After planting that seed, God has developed a vision within me for a “Jesus rave” worship experience built on electronic dance music. For the last ten years, I’ve been producing progressive trance music. I spent hundreds of hours sitting in front of my laptop every night by myself with my headphones on, not knowing if anything would ever come of it. Three summers ago, I was given the chance to make a Jesus rave at the Wild Goose Festival in North Carolina. The next year, my favorite Pentecostal preacher Jonathan Martin joined me. Last year, because Jonathan was unavailable, I gained the courage to preach my own Jesus rave.

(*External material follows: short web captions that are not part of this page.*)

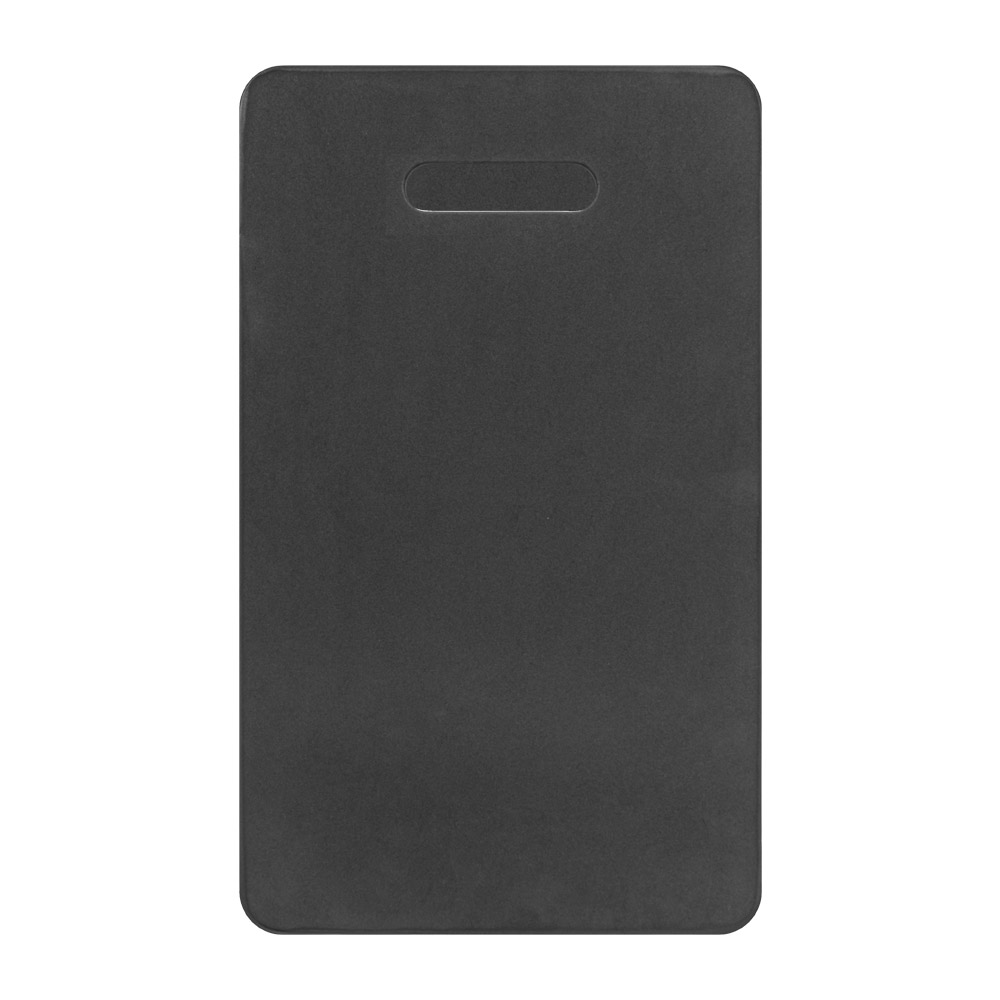 Fiskars Kniepolster "Solid" 609741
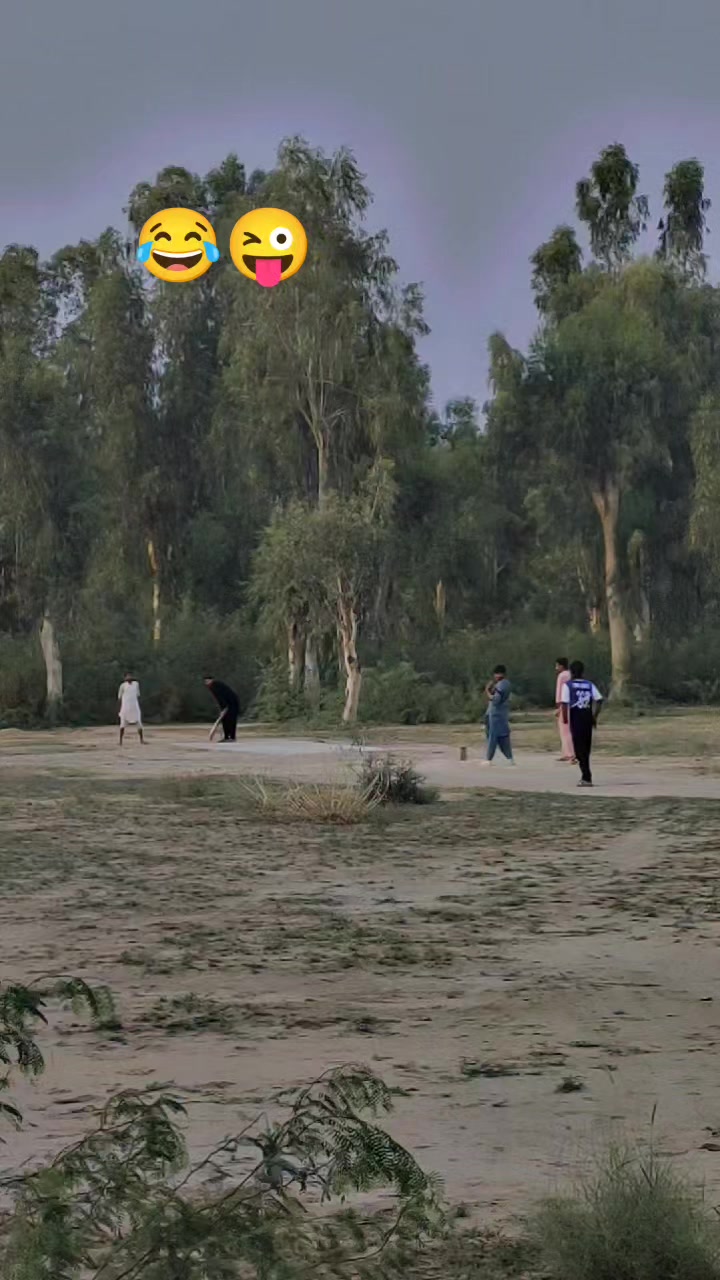 @ع🩹❤️🩹
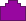 lan port icon 10gbase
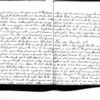 Theobald Toby Barrett 1918 Diary 151.pdf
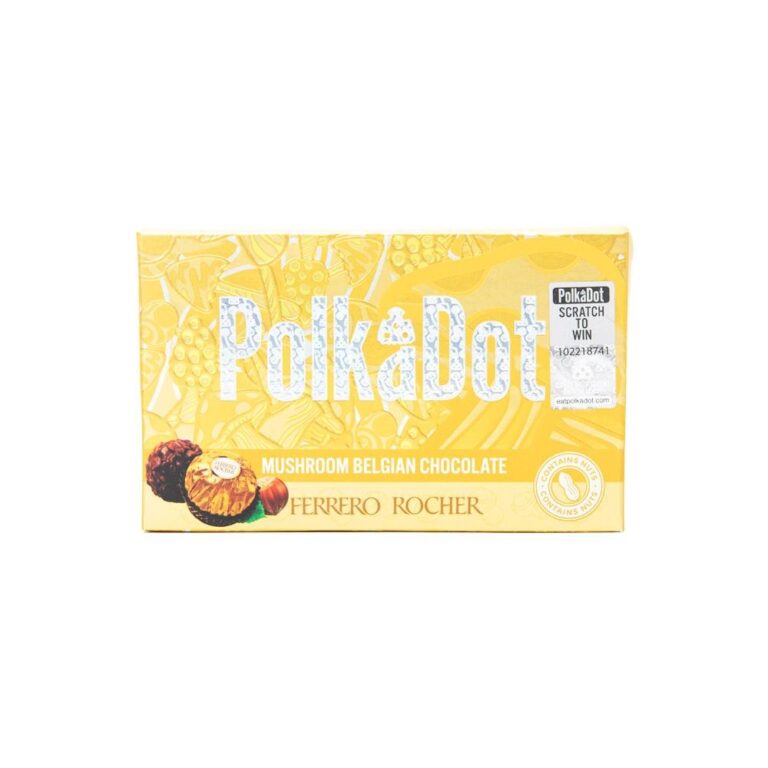polkadotproduct ferrerorocher 1 768x768 1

Then last month, I did something I’ve never done before that I never thought I could do. I live-mixed a Jesus rave on the fly while on a retreat with some Wild Goose friends in Asheville. Every time before, I had spent months meticulously polishing off a pre-recorded track to use. The thought of mixing live was terrifying, because what if I mess up? This time, I had to trust the Holy Spirit to shape my song real-time. I’m sure I messed up several dozen times but it didn’t matter. Because the Holy Spirit came over us and made a beautiful mess. Everyone in the room became part of the song. Some people danced, some people prayed, some people chanted, some people did yoga. For several hours afterward, I walked around outside in a state of unity with the universe I had never experienced before. I whispered hallelujah because I didn’t know what else to say.

The state of euphoria that I felt just after midnight on January 10th, 2016 gave new meaning to the words of Psalm 37:4, “Delight in the Lord, and he will give you the desires of your heart.” And I think the psalmist who wrote Psalm 150 was experiencing something similar when he felt like it wasn’t good enough to say, “Praise him with clashing cymbals!” and had to come back with another line saying, “Praise him with LOUD clashing cymbals!” I don’t think the psalmists wrote these things for the sake of speaking correctly. They were and are ecstatic utterances of worship that cannot be appreciated outside of that state of being.

My dream is to help others experience the serene self-abandon of an authentic hallelujah. I would love to bring a Jesus rave to your church this summer while I’m doing my book tour. Or if you’re in New Orleans, come and build the dream with us at the NOLA Wesley Foundation. Another scripture which captures the vision of authentic hallelujah for me is 2 Corinthians 3:17-18: “Now the Lord is the Spirit, and where the Spirit of the Lord is, there is freedom. And all of us, with unveiled faces, seeing the glory of the Lord as though reflected in a mirror, are being transformed into the same image from one degree of glory to another; for this comes from the Lord, the Spirit.”

When we understand that human beings were made to image a God who wants to delight with us, then hallelujah is a dance party. God is less like an ominous king on a giant throne in the clouds and more like the love-filled breath of a song that all creation is singing together. God wants us to worship because worship is where we find true freedom. Worship is where we lose the veils that the world has thrown over our eyes so that we can see the glory of the Lord in the delight that we share together. Hallelujah is not a stilted, churchy phrase; it’s a life fully awakened to the joy of God’s dance.